End-to-End Analytics Pipeline
Github: Repository
Overview
An end-to-end analytics pipeline for an e-commerce dataset — from raw ingestion through structured transformation to KPI dashboards. Built around the ELT pattern with dbt as the transformation layer.
Pipeline Architecture
- Ingestion (Python) — Raw order and product data loaded into a PostgreSQL staging schema.
- Transformation (dbt) — Data modeled into a star schema with 10+ tables.
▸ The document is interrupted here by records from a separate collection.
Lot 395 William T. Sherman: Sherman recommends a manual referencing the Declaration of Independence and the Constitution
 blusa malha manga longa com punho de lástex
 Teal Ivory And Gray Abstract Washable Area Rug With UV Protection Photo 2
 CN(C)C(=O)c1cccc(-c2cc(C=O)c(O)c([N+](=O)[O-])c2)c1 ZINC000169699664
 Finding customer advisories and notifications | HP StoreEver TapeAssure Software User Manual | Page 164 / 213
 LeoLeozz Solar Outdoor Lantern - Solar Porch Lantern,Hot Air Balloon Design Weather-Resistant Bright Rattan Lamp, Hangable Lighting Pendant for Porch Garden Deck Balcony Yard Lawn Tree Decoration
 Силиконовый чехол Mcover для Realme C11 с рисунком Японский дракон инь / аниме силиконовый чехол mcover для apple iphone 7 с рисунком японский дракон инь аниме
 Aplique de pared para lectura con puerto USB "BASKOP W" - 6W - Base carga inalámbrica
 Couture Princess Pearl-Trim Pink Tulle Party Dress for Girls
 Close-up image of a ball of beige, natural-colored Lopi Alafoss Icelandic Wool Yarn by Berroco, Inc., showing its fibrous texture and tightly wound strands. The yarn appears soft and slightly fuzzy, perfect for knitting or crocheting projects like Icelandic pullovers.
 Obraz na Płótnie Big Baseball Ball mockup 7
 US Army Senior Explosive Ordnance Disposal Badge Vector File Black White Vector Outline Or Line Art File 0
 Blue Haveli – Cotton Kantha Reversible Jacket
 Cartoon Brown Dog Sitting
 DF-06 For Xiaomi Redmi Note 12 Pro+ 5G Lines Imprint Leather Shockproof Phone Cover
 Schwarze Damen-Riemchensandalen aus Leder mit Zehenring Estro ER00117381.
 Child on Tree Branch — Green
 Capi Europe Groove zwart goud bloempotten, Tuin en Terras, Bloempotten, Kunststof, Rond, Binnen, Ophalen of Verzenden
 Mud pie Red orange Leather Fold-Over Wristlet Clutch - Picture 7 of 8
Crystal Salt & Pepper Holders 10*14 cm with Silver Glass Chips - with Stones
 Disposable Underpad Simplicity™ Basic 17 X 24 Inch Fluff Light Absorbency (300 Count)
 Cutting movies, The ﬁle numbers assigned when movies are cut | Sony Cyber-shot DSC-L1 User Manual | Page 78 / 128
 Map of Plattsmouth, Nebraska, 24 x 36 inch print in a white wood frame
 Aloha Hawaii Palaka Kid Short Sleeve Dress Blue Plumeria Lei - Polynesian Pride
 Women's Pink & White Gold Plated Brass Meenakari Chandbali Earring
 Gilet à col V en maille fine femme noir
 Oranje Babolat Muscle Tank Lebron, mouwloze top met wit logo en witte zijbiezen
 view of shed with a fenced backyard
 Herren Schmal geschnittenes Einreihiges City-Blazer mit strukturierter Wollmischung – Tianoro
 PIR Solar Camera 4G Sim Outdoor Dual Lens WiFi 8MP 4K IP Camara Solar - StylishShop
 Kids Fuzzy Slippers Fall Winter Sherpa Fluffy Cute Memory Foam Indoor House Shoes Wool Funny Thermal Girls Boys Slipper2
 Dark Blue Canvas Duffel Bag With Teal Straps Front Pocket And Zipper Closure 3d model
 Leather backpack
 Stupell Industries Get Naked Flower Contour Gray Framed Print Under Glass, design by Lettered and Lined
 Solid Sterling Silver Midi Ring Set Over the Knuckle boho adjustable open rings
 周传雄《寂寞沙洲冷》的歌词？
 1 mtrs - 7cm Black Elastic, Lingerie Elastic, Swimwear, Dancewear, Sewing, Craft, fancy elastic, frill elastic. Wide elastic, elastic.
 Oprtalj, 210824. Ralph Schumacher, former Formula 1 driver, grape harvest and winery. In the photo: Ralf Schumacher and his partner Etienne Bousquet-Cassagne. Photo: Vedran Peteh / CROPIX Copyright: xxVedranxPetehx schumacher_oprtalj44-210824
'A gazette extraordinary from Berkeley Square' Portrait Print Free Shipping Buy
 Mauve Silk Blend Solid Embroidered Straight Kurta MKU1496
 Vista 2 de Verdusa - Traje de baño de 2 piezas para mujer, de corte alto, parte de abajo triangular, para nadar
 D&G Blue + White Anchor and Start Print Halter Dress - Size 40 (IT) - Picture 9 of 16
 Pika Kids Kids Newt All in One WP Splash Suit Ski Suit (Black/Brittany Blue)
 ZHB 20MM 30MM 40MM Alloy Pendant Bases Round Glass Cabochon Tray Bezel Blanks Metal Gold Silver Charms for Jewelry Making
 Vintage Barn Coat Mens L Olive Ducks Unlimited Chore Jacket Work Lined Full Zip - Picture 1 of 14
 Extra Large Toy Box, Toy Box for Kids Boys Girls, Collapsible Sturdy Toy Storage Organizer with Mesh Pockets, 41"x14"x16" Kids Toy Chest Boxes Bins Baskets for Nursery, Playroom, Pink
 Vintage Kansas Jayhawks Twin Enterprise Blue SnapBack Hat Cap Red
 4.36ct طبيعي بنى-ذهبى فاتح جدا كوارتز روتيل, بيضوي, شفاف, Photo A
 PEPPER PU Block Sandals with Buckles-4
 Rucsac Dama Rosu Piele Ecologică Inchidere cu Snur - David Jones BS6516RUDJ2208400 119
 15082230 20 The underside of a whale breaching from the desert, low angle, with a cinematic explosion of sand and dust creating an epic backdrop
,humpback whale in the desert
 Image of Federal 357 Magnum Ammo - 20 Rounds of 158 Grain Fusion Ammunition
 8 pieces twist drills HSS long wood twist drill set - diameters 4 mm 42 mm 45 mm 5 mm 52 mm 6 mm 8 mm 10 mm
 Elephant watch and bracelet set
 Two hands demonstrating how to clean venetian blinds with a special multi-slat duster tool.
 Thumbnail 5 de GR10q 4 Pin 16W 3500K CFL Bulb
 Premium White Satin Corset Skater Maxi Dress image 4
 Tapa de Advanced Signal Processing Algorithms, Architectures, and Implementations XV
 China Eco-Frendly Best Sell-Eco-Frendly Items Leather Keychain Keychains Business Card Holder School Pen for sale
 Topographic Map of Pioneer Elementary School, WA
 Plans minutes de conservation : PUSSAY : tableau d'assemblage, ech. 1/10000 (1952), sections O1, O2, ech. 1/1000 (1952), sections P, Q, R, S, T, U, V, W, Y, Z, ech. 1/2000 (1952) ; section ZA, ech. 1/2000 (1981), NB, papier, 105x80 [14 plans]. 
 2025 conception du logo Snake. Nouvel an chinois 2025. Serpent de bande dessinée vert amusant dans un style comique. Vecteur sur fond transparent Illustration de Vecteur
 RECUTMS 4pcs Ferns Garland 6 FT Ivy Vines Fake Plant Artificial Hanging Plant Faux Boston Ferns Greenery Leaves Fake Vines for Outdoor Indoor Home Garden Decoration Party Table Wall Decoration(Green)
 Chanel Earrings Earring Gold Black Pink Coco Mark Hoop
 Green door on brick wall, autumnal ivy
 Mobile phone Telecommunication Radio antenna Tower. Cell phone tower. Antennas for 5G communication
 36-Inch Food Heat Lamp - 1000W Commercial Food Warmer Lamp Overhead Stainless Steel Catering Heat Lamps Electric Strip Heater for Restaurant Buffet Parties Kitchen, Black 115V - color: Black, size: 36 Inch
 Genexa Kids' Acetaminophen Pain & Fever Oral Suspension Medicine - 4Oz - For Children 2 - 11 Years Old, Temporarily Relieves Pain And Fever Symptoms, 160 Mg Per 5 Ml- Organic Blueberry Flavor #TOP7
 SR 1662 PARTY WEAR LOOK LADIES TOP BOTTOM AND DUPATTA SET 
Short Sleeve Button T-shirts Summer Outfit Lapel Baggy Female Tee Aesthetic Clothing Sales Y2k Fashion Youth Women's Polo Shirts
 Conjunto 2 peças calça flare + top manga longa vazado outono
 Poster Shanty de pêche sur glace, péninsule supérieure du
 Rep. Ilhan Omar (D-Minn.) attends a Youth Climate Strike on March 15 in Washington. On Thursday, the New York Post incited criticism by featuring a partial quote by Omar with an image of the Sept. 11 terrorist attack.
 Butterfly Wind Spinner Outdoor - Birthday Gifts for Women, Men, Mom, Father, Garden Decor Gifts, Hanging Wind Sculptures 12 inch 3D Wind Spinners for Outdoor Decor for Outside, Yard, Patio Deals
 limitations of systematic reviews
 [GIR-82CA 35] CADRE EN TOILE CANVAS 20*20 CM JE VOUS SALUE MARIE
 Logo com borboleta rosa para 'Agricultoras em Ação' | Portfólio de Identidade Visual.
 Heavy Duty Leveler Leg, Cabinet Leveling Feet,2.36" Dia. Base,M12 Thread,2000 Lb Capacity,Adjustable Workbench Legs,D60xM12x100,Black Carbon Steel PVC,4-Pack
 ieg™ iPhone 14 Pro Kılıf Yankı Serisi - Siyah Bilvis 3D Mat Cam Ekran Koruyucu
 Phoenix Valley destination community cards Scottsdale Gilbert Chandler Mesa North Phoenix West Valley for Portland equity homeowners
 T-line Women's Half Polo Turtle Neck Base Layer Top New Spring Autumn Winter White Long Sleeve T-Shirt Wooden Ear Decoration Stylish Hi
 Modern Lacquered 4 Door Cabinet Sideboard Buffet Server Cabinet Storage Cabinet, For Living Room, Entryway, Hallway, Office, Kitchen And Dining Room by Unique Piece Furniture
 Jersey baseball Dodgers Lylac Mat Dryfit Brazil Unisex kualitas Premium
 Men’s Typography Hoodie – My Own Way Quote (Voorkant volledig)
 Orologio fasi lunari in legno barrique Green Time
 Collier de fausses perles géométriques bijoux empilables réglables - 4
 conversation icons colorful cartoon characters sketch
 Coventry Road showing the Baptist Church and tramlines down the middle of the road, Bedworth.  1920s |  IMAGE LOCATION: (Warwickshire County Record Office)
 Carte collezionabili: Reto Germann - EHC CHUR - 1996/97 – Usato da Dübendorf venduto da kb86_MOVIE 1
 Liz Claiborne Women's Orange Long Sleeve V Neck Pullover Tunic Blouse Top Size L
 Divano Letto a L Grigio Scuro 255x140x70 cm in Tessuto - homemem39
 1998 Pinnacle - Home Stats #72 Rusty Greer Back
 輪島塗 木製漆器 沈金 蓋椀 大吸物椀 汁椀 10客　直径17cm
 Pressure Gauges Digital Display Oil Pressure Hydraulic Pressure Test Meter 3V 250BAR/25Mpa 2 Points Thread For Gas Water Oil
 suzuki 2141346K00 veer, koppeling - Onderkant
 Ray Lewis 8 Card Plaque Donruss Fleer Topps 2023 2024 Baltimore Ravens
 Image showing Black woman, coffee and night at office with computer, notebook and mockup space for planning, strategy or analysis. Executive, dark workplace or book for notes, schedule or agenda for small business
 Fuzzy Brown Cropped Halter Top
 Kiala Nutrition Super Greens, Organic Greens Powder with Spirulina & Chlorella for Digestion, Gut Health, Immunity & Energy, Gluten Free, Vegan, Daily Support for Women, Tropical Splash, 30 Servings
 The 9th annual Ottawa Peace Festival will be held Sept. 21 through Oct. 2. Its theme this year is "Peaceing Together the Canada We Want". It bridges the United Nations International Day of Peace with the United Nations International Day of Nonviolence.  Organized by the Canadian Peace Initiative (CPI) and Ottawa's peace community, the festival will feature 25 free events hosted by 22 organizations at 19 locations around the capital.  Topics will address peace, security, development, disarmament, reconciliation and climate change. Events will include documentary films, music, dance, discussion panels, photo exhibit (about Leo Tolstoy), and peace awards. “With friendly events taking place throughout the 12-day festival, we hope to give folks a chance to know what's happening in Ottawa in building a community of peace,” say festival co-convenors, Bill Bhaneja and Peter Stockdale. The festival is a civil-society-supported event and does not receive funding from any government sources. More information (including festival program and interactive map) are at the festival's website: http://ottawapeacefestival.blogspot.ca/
Data quality tests enforced at every layer.
- Visualization (Metabase) — Interactive dashboard exposing key business KPIs.
Data Model
A star schema with:
fct_ordersandfct_order_lines— core transactional factsdim_customers,dim_products,dim_dates— supporting dimensions
Data Quality
dbt tests applied across all models:
- Uniqueness — primary keys are unique
- Not null — required fields are always populated
- Referential integrity — foreign keys validated against dimension tables
Dashboard KPIs
- Total revenue and Average Order Value (AOV)
- Revenue by product category and time period
- Order volume trends and customer frequency
Key Technologies
- dbt — transformation, testing, and lineage documentation
- PostgreSQL — analytical warehouse
- Metabase — self-serve BI and dashboarding
- Docker Compose — fully reproducible local environment